4 Real U.S. Government Alien Research Projects Straight Out Of “The X-Files”

Published July 2, 2021
Updated March 12, 2024

Are aliens real? Some people really, really want to believe. Here are the real government initiatives (and one compelling probable hoax) that these believers use in making their case that aliens do exist.

With the Juno spacecraft’s recent and much-celebrated entrance into Jupiter’s orbit, it seems that neither NASA nor its federal government funders have lost interest in exploring the far reaches of the galaxy.

As much as they might have historically attempted to downplay it, that interest absolutely stems to UFOs, which the U.S. government has attempted to study since at least the 1950s — albeit due primarily to fears of Red, not Martian, threats.

Are Aliens Real

According to a few supposedly declassified — and likely apocryphal — project documents, the U.S. government did make contact with alien life.
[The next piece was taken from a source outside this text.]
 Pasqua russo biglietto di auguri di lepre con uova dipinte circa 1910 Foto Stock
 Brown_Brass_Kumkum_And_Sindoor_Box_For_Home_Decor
Unlike warm E.T.-esque encounters, these documents allege that alien contact could, pending the U.S. government’s actions, lead to a vital intergalactic alliance or obliterate the world as we know it.

With that in mind, here are four of the most conspiracy-laden yet nevertheless real projects linking the U.S. government to extraterrestrials (plus one fascinating probable hoax), and which could perhaps answer the big question: Are aliens real?

Roswell

A Visitor At Roswell

HECTOR MATA/AFP/Getty Images

In 1947, the U.S. government unintentionally crashed what they claimed was a weather balloon into the New Mexican desert, causing a bit of hysteria in an America fearful of Soviet military invasion. In response, the government informed the public that this fallen craft was merely a weather balloon.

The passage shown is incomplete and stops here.